Given records Block Start

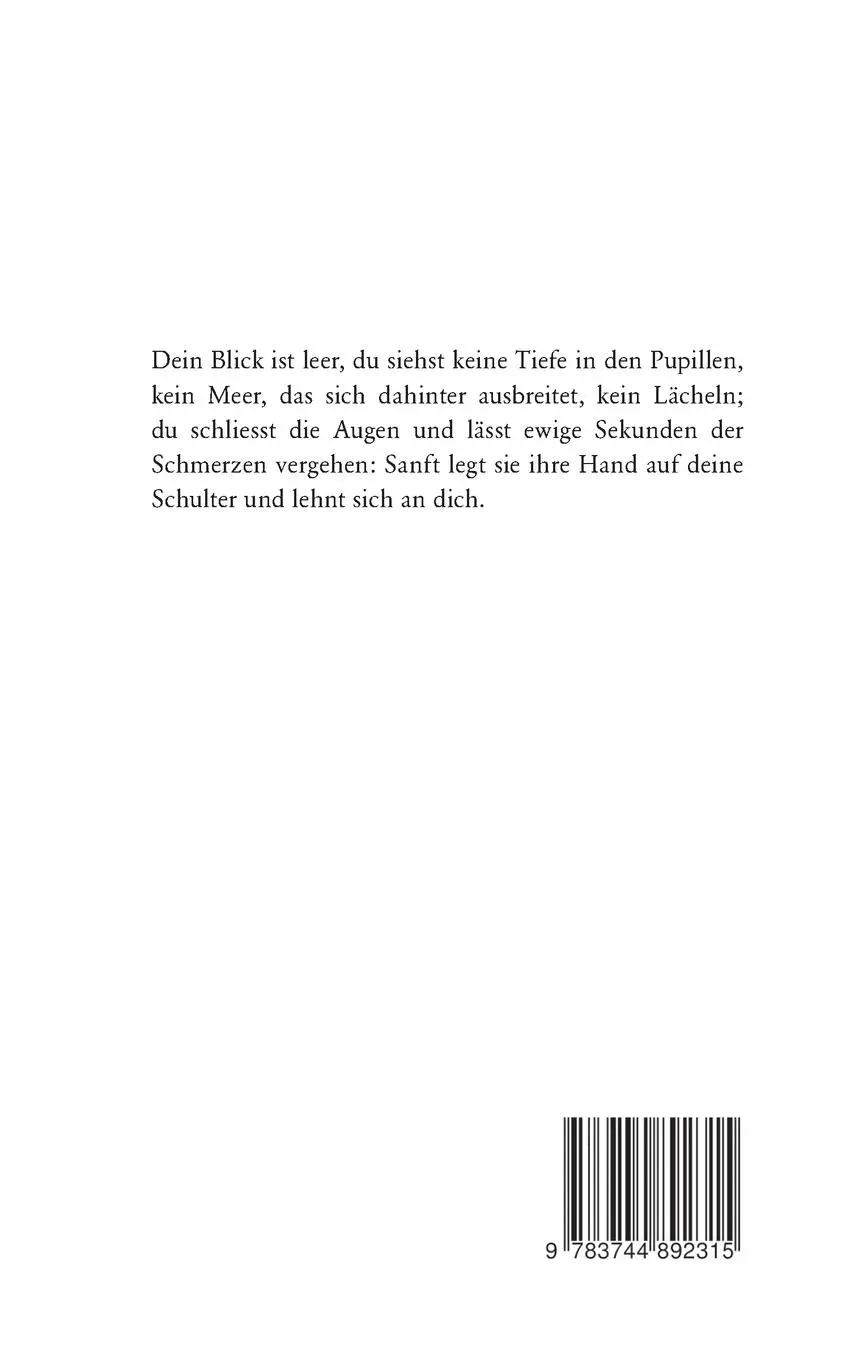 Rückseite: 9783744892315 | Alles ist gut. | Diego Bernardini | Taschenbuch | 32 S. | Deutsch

Given records Block End
Given records Block Start

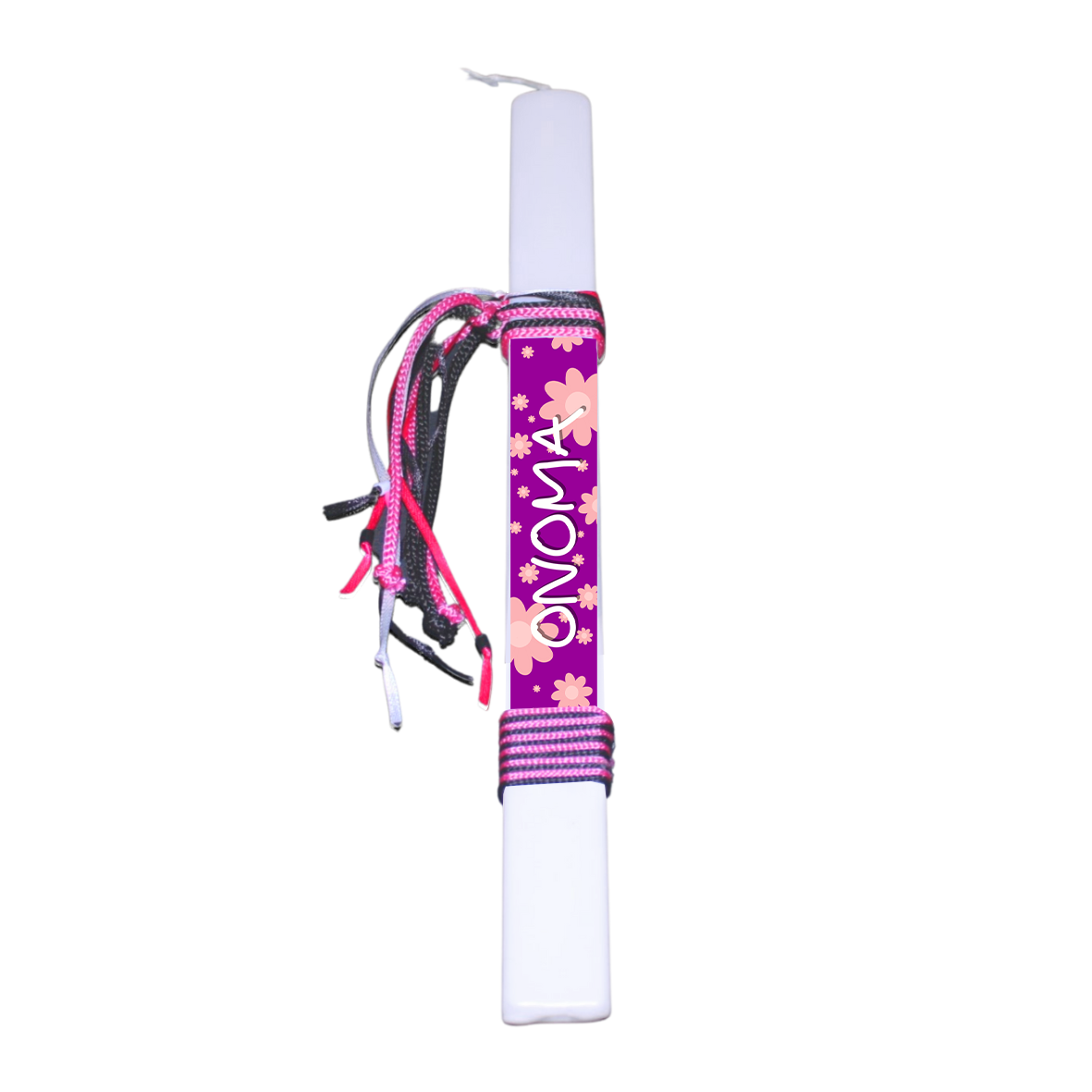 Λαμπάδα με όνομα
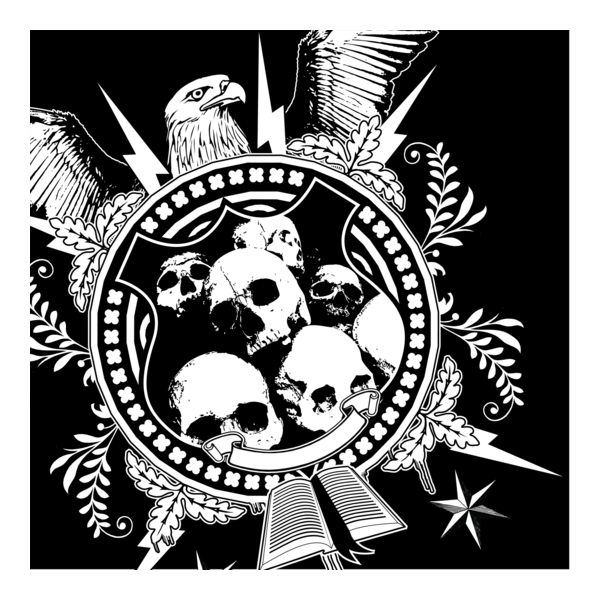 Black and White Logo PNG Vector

Given records Block End

Exercise: Your answer must be the lines above from the one holding "Λαμπάδα με όνομα" up to and including the one holding "Black and White Logo PNG Vector", exact and with no pictures.

Reply:
 Λαμπάδα με όνομα
 Black and White Logo PNG Vector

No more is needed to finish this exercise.